Work to be completed. For the data below, restate word for word only the lines from the line containing "1 Bedroom Flat" through the line containing "em-cima-da-hora-goleia-e-leva-o-titulo", both ends included.

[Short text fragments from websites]
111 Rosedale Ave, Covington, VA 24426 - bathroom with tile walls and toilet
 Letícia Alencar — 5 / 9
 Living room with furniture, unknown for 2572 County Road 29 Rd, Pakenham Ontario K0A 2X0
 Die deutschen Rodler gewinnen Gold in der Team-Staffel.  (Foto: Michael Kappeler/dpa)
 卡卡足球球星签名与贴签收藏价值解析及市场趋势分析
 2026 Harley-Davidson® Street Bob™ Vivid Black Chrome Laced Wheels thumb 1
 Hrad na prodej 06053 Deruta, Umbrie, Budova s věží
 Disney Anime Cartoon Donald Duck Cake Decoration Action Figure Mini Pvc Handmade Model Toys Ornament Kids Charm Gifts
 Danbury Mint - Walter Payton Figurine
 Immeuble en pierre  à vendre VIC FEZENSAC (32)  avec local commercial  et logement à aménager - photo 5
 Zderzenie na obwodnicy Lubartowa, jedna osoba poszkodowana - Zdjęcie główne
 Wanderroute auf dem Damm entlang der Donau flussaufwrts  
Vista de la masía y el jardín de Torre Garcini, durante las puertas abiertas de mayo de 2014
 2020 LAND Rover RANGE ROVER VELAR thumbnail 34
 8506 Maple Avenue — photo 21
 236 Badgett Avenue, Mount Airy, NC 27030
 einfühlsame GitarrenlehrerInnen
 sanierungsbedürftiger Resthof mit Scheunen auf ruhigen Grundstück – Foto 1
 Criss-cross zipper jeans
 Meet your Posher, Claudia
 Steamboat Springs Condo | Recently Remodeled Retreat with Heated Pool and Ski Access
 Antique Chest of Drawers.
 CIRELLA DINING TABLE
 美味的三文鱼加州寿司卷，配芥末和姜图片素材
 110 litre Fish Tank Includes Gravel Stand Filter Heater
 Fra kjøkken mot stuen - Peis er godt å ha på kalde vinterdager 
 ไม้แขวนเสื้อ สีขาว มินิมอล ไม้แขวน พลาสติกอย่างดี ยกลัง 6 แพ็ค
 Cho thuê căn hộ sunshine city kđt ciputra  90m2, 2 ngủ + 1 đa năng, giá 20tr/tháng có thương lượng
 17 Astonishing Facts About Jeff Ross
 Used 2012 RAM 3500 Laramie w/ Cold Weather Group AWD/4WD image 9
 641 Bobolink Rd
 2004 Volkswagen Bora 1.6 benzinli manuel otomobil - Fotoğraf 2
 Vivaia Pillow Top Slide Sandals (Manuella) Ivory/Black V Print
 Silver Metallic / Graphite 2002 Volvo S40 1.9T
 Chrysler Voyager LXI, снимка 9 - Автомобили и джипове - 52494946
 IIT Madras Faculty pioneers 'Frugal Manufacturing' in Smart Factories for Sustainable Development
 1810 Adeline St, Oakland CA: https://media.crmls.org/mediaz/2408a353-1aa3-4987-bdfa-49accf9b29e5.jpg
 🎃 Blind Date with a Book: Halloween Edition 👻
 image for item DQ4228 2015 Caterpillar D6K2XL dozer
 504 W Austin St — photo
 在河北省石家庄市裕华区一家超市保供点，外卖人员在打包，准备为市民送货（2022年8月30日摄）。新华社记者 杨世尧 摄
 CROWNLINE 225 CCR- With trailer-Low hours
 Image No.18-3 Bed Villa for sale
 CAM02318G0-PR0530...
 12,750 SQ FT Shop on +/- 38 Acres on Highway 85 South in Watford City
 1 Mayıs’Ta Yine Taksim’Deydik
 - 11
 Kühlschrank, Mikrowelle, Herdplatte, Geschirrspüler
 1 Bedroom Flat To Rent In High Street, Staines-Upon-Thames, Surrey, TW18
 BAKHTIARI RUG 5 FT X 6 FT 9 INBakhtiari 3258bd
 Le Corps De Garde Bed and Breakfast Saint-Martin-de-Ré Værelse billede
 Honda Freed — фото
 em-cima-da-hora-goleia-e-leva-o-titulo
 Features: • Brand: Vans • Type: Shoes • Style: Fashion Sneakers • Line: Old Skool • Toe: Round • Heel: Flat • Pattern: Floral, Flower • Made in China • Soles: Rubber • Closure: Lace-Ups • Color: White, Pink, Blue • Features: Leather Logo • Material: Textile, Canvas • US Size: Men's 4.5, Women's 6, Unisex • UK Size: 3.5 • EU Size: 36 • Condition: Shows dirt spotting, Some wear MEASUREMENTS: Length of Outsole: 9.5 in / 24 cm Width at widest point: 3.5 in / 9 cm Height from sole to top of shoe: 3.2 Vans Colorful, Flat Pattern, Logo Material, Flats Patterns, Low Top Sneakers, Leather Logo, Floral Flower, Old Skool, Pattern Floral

Expected answer.
 1 Bedroom Flat To Rent In High Street, Staines-Upon-Thames, Surrey, TW18
 BAKHTIARI RUG 5 FT X 6 FT 9 INBakhtiari 3258bd
 Le Corps De Garde Bed and Breakfast Saint-Martin-de-Ré Værelse billede
 Honda Freed — фото
 em-cima-da-hora-goleia-e-leva-o-titulo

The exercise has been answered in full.